MATERIAL FOR THIS TASK:
------------------------------------------------------------

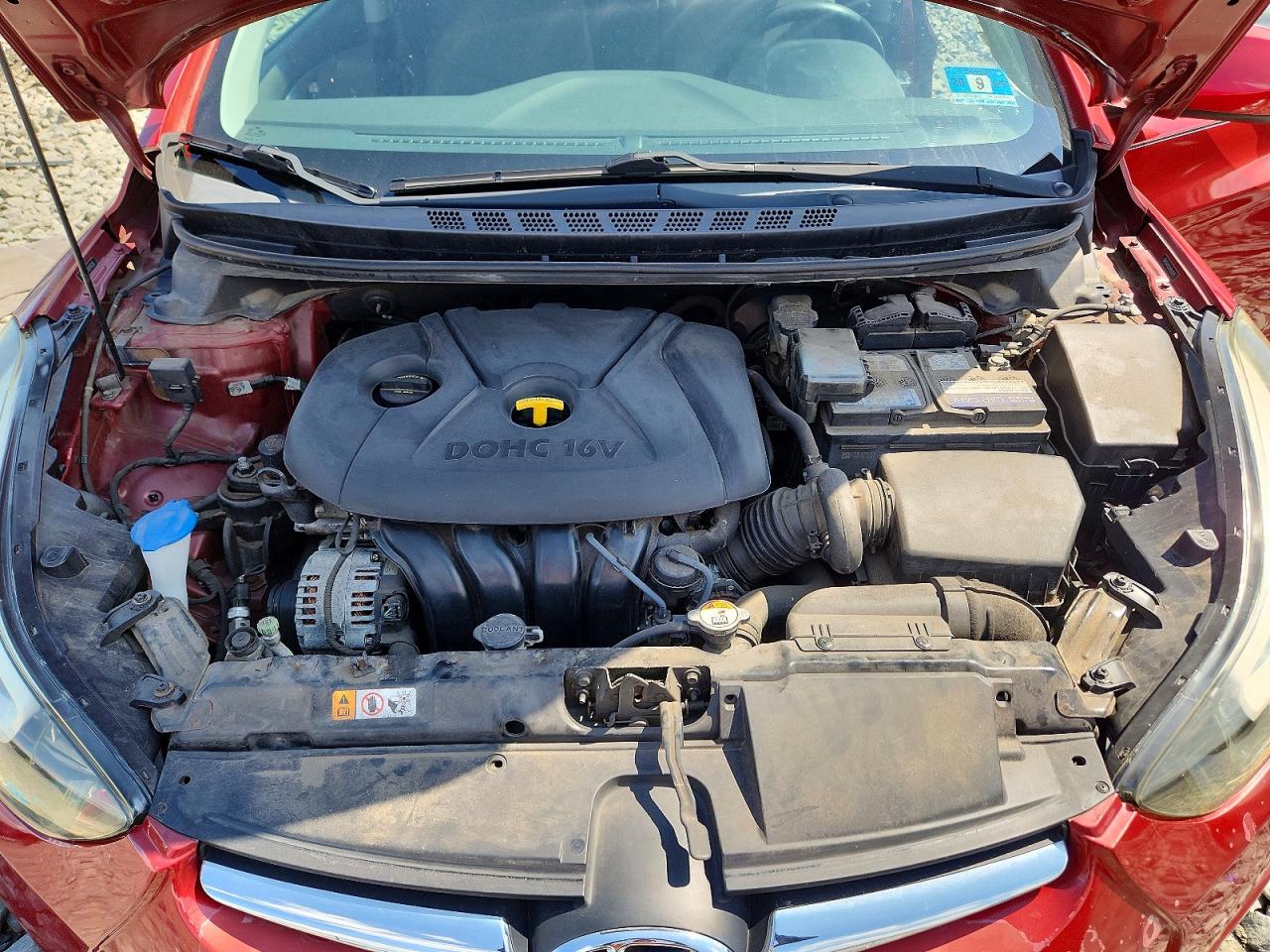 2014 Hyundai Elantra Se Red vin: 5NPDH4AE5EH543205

------------------------------------------------------------

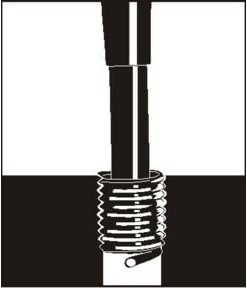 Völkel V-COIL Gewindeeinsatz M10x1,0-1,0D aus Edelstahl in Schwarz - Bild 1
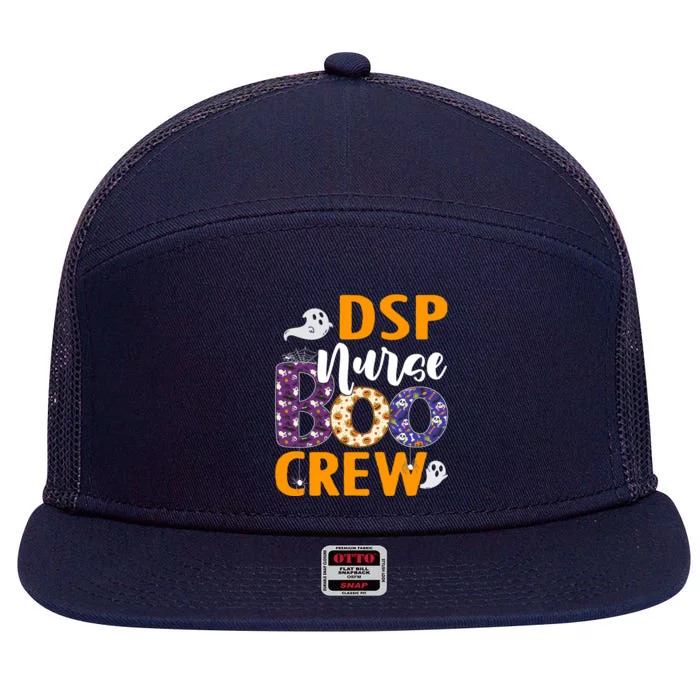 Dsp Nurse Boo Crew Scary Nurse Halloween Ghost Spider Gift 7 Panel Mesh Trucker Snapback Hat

------------------------------------------------------------

TASK PROMPT:
Leaving all pictures out, output exactly the lines of the material above from the line with "Völkel V-COIL Gewindeeinsatz" to the line with "Dsp Nurse Boo", both included.

EXERCISE SOLUTION:
 Völkel V-COIL Gewindeeinsatz M10x1,0-1,0D aus Edelstahl in Schwarz - Bild 1
 Dsp Nurse Boo Crew Scary Nurse Halloween Ghost Spider Gift 7 Panel Mesh Trucker Snapback Hat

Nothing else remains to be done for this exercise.